Question

If the function $ f $ and $ g $ are given by $ f(x) = x - [x] $ , and $ g(x) = \dfrac{1}{2}\sin [x] $ where $ [x] $ denotes the integral part of $ x $ and the the range of $ gof $ is $ A $ , the range of $ fog $ is $ B $ , then
A. $ A \subset B $
B. $ B \subset A $
C. $ A = B $
D. $ A \cap B = \varphi $

Answer 1

Hint: The given functions are $ f{\text{ and }}g $ . We have to find the range of the composite functions. $ gof $ and $ fog $ . The function $ gof $ will be achieved by putting the function f inside the function g whereas the function $ fog $ will be found by putting the function g inside the function f , we have to compare their respective ranges and then compare with the given options.

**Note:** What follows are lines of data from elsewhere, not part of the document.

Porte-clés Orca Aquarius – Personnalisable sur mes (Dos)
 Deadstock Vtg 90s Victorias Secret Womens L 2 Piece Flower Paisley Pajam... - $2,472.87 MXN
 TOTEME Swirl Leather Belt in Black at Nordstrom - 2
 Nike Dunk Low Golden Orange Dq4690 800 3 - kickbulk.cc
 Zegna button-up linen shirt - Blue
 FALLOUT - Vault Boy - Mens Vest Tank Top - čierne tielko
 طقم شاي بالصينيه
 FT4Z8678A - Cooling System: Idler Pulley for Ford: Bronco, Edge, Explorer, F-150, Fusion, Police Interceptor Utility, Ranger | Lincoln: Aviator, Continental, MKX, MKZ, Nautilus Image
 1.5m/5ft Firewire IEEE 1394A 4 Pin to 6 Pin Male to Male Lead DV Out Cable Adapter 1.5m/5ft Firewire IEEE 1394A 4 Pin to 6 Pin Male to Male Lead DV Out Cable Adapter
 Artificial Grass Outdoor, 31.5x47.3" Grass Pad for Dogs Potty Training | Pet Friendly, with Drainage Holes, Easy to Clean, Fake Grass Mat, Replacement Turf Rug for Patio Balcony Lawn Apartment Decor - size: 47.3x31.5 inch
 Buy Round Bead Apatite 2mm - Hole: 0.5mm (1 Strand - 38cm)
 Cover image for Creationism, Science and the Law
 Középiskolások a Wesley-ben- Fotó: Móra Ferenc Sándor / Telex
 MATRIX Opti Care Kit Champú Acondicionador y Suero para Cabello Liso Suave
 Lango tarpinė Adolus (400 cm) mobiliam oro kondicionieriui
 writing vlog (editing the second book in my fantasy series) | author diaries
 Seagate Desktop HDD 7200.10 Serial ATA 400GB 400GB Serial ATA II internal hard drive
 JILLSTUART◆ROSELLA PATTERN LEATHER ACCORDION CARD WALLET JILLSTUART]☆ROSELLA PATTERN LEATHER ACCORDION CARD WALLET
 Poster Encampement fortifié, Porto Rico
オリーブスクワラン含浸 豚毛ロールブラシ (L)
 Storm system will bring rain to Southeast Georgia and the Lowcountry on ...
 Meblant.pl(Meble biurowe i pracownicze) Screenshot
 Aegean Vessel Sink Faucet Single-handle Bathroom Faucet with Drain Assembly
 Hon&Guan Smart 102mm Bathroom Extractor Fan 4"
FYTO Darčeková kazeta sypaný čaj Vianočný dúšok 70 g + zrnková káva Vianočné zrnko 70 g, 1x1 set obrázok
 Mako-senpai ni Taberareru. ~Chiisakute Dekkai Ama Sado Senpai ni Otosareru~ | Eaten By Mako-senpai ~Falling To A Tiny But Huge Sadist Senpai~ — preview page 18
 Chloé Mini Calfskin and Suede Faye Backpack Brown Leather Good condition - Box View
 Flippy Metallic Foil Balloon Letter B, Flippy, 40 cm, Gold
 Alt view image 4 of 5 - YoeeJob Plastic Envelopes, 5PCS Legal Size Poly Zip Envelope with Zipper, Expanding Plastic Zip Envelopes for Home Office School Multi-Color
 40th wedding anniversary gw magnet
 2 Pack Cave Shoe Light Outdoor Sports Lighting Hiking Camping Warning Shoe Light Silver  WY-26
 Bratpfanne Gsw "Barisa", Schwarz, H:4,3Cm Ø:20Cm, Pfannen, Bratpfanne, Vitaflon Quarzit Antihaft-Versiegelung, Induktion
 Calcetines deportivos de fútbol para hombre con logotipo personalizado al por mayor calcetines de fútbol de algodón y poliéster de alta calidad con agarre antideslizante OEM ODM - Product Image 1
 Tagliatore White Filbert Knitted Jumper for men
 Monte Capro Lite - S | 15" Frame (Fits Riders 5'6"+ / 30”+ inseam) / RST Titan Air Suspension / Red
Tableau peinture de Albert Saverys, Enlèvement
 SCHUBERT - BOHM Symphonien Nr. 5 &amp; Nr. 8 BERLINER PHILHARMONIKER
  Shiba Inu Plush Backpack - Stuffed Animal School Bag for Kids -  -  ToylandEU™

Complete step-by-step answer:
The function are given as,
 $ f(x) = x - [x] $
 $ g(x) = \dfrac{1}{2}\sin [x] $
The composite functions will be given by,
 $ gof = \dfrac{1}{2}\sin [x - [x]] $
 $ fog = \dfrac{1}{2}\sin [x] - [\dfrac{1}{2}\sin [x]] $
(remember that these composite functions are made by just substituting one function as a variable for another function)
The range $ A $ of the function $ gof $ will be $ [0] $ . Because when $ [x - [x]] $ will be solved it's only value can be $ 0 $ .
But the range $ B $ of the function $ fog $ will be both positive numbers and negative real numbers . We can say this because when in the function
 $ fog = \dfrac{1}{2}\sin [x] - [\dfrac{1}{2}\sin [x]] $ is solved it will have two scenarios:
First situation: The value of $ x $ is positive in that case the function $ fog $ will return either zero or return a positive number.
Second Situation: The value of $ x $ is negative, in this case the second term will give zero and the first term will give a negative number.
Hence the range $ B $ is of both positive and negative numbers. Since the range of $ B $ is bigger the option (a) is correct, which is that the first range is a subset of the second range.
So, the correct answer is “Option A”.

Note: The given question although asked us to find the range of the given functions, the range would always had come out to be of discrete nature rather than a continuous one, and for that as well we had to remember the value of radian such as $ \sin [1] $ , where the angle is in radian rather than the degree and hence we have only calculated its rough nature rather than the exact one.